Papeta per Eedu
Veg
Eggs baked atop a base of spiced potatoes — thinly sliced potatoes fried in oil with onion, green chilli, cumin, and turmeric until soft and golden, spread in a wide pan, then eggs cracked on top and covered to steam-cook the whites while leaving the yolks soft and runny. 'Papeta' is potato and 'eedu' is egg in Parsi Gujarati; the dish exemplifies the Parsi habit of putting eggs on everything. A favourite quick lunch and weekend breakfast across Parsi households, simple enough for weekdays and satisfying enough for a light main course.
Cuisines
Parsi
Best for
Breakfast
Lunch
Recipe
Prep: 15 min
Cook: 25 min
Total: 40 min
2-3 servings
Ingredients
| 2 tablespoons | oil |
| 1 medium | onion, finely sliced |
| 2 medium | potatoes, peeled and sliced into rounds |
| 1 teaspoon | turmeric powder |
| 1 teaspoon | red chili powder |
| 1 teaspoon | cumin seeds |
| — | salt to taste |
| 3 | eggs |
| 1 tablespoon | fresh coriander, chopped |
Instructions
- 1 Heat oil in a pan over medium heat.
- 2 Add cumin seeds and let them splutter.
- 3 Add sliced onions and sauté until they turn golden brown.
- 4 Add sliced potatoes, turmeric powder, red chili powder, and salt.
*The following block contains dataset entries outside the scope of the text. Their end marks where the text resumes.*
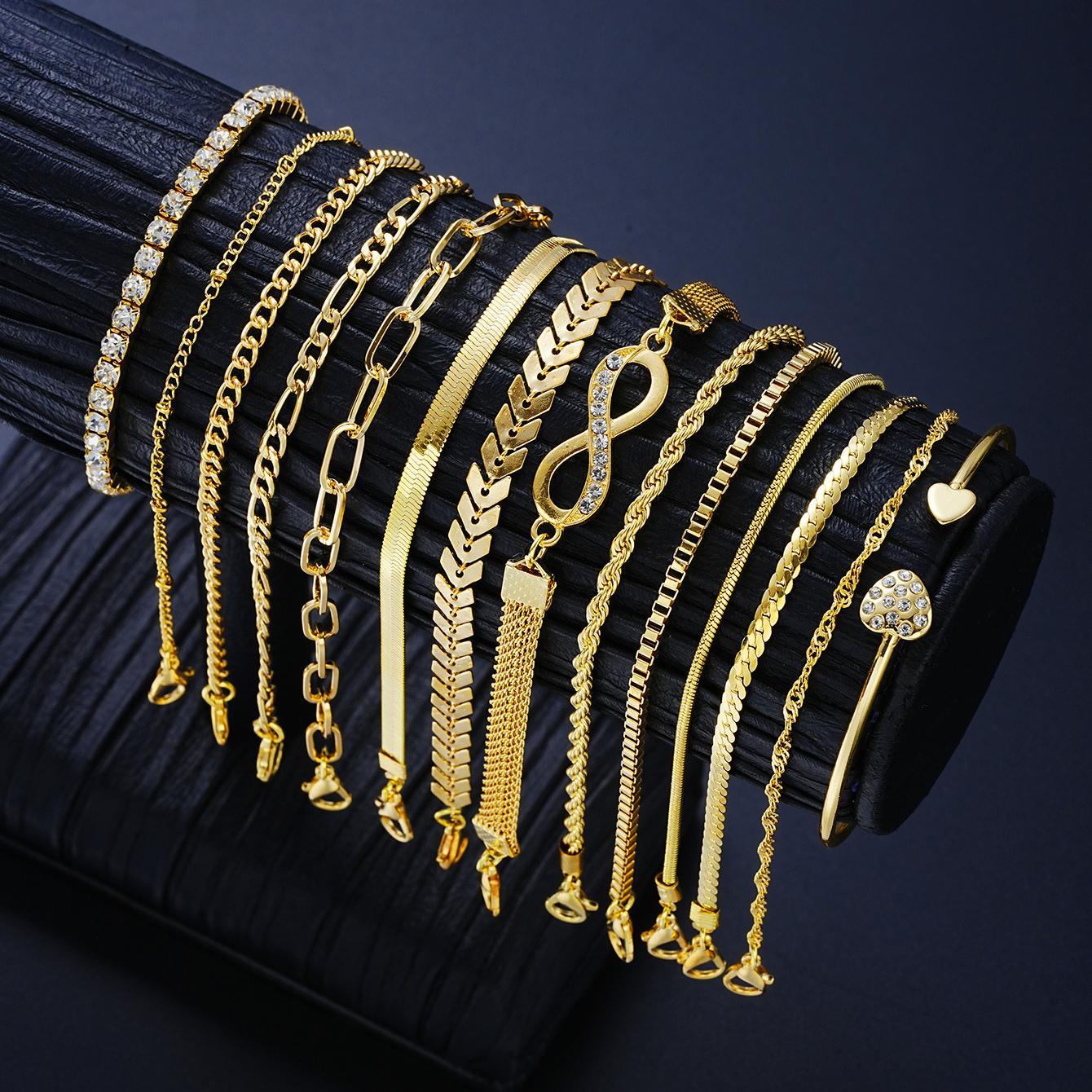 14-Piece Diamond Love & Snake Chain Bracelet Set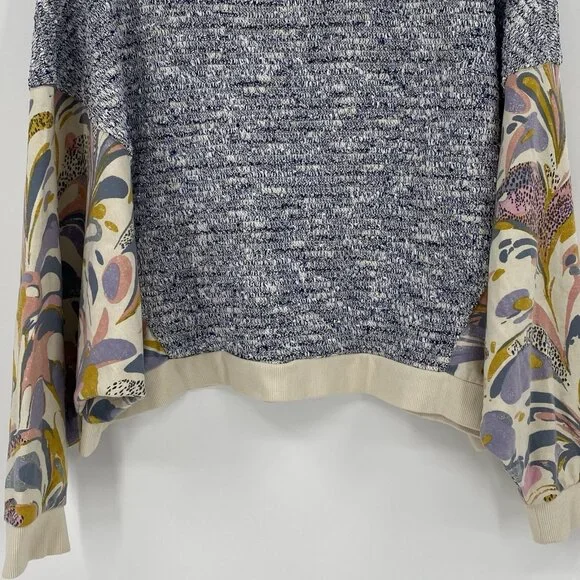 Saturday Sunday Anthropologie Size Large Sweatshirt Flora Printed Dolman - Picture 7 of 16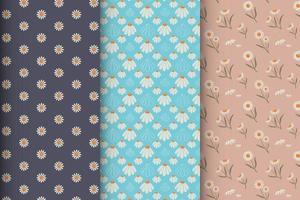 Stylish set of patterns with flowers vector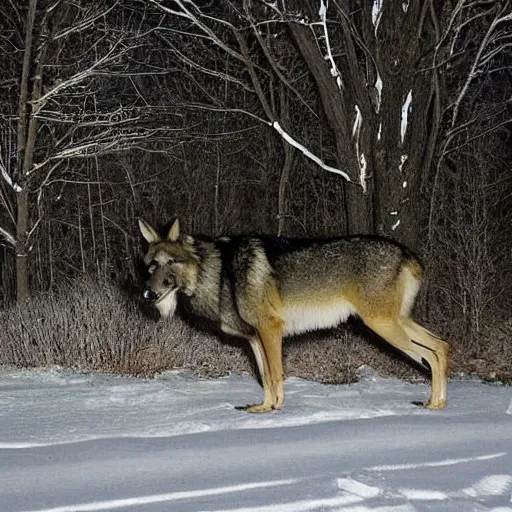 Image similar to giant wolf, deer cam night photograph
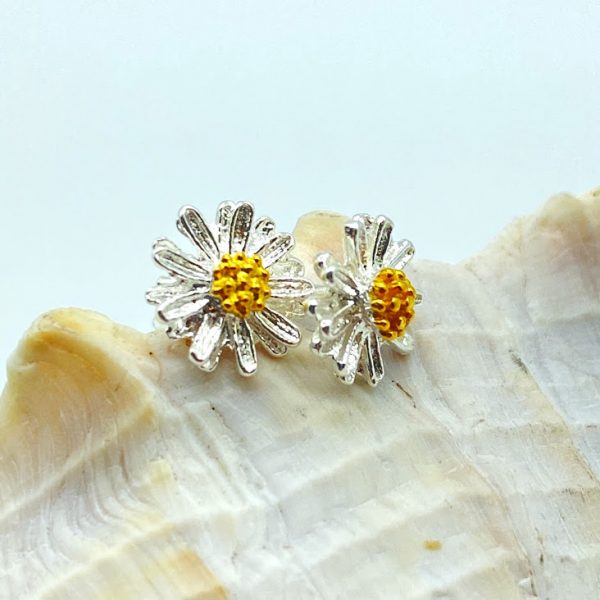 Oorstekers 925 zilver met kristal, maritiem, madeliefje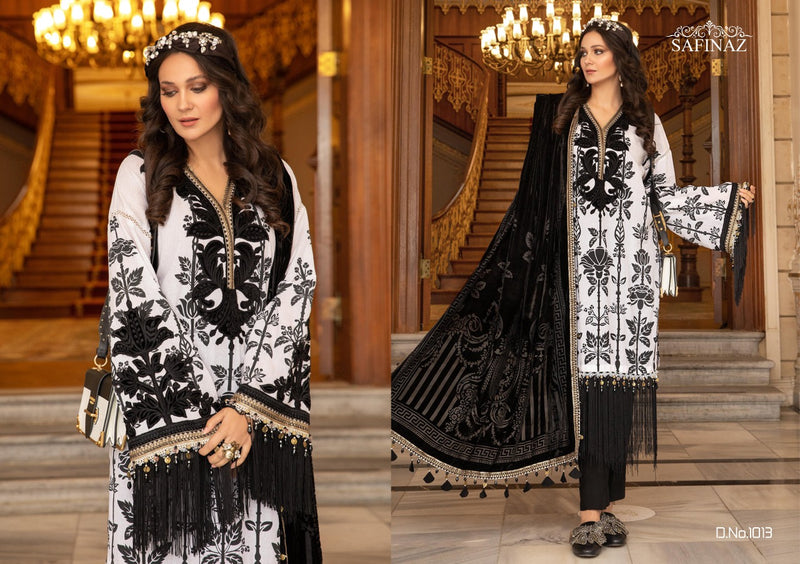 Safinaz Mariya B Vol 5 Pure Satin Cotton Printed Embroiderd Work Pakistani Suits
Mix well.
- 5 Cover and cook on low heat until the potatoes are tender, stirring occasionally.
- 6 Once the potatoes are cooked, crack the eggs over the potato mixture.
- 7 Cover the pan and cook until the eggs are set to your preference.
- 8 Garnish with fresh coriander before serving.
Tips
Serve with fresh bread or chapati for a complete meal.